What made the visit most memorable was a moment standing in the castle tower's creaky spiral stairwell with my daughter, then 6. We heard what sounded like a woman singing, a high-pitched, faint, pleasant voice. It could have been someone on the tour, but we were the only ones in the stairwell and we didn't hear it again. As we were leaving, one of the Hechers - I think it was Cornelia Hecher - mentioned something about ghosts in the castle.
My daughter and I immediately thought of the singing.
I tell this to Hecher now, a year later, on a recent visit to the castle.
"We always make jokes about ghosts," she laughs.
If people ask, she said, "we like to say we live in harmony with the ghosts of the castle." If something in the castle turns up missing, "we say ‘this was our ghost.' "
But kidding aside, she likes to believe there are no ghosts "because I live here in the castle and I can't be afraid of ghosts."
Most times, she and her husband can find a logical explanation for strange happenings. The occasional shaking of pictures on the wall might be frightful to some, but a level head would figure out that the phenomenon is most likely due to a ship passing on the Rhine below, its vibrations going into the castle's rock, then into the walls, she said.
She can't say for sure why a few years ago, around midnight, one of the motion-detecting lights in the castle tower kept going on and off. Two cats, Riesling and Pinot, added to the family last summer, solved a recent mice problem.
Perhaps it was a mouse.
The hair-raising feeling she had that somebody was behind her during her first years at the castle as a young newlywed have long since gone away. Perhaps it was her imagination.
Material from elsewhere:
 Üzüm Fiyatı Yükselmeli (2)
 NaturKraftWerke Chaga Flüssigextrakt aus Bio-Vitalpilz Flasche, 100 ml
But to this day, there is one experience she can't explain.
It was late in the night, the year 1985 or 1986. Earlier in the evening, a catered party was held in the knights hall, the castle's largest and most impressive room; its period pieces include a Renaissance-style fireplace with a relief carving depicting a battle from the Trojan War and medieval-era stained glass of a Crucifixion scene.
The Hechers were visiting with the catering staff in the kitchen directly under the knights hall, drinking a glass of wine and talking about the evening's events. Suddenly, "everyone stopped speaking because we hear as if somebody is going with strong feet walking across the knights hall," she said.
The guests had all gone home.
Perhaps it was a ghost.
"This is the only time I believe in ghosts," Hecher said, "because it was 100 percent, there was somebody … but there was nobody."
To see the castle - and maybe a ghost - visit before it closes for the winter in late December. Night tours led by Markus Hecher are also available, and guests may spend the night in a tower room or a holiday apartment in the servant's quarters.
On the QT
DIRECTIONS
Burg Rheinstein is north of Kaiserslautern, Germany, in Trechtingshausen, about 50 miles, or a little less than an hour's drive. Take A63 toward Frankfurt a.M./Mainz. Take exit 8-Kreuz Alzey to merge onto A61 toward Koln/Koblenz. Take exit 49-Bingen-Mitte toward B9/St. Goar/Rhein. Merge onto B50. Keep left at the fork and merge onto B9. The castle will be on the left. By GPS: 55413 Trechtingshausen or Burg Rheinstein.
TIMES
The castle is open daily 9:30 a.m.-6 p.m.(last entry at 5:30 p.m.), March 15-Oct. 31. It is open daily 10 a.m.-5 p.m. (last entry at 4:30 p.m.) in early March, November and December. It will be closed from Dec. 20-Feb. 29.
COSTS
Entrance fees are 4.30 euros for adults and 3 euros for children 5-13. (Note: Fees are likely to rise next year.) Group rates are available. Free parking is available at the bottom of the castle.
FOOD
Wine, coffee and other drinks, as well as cake and light fare are available in the castle cafe. The cafe is closed Monday and Tuesday.
INFORMATION
Special night tours are available. The two-hour tours cost 12 euros per person. During the tour, every room in the castle is open, and the castle is lit by candlelight. Two rooms for overnight guests are also available. Find information on the castle (in German) on the Web at burg-rheinstein.de, call 06721/6348 or email info@burg-rheinstein.de.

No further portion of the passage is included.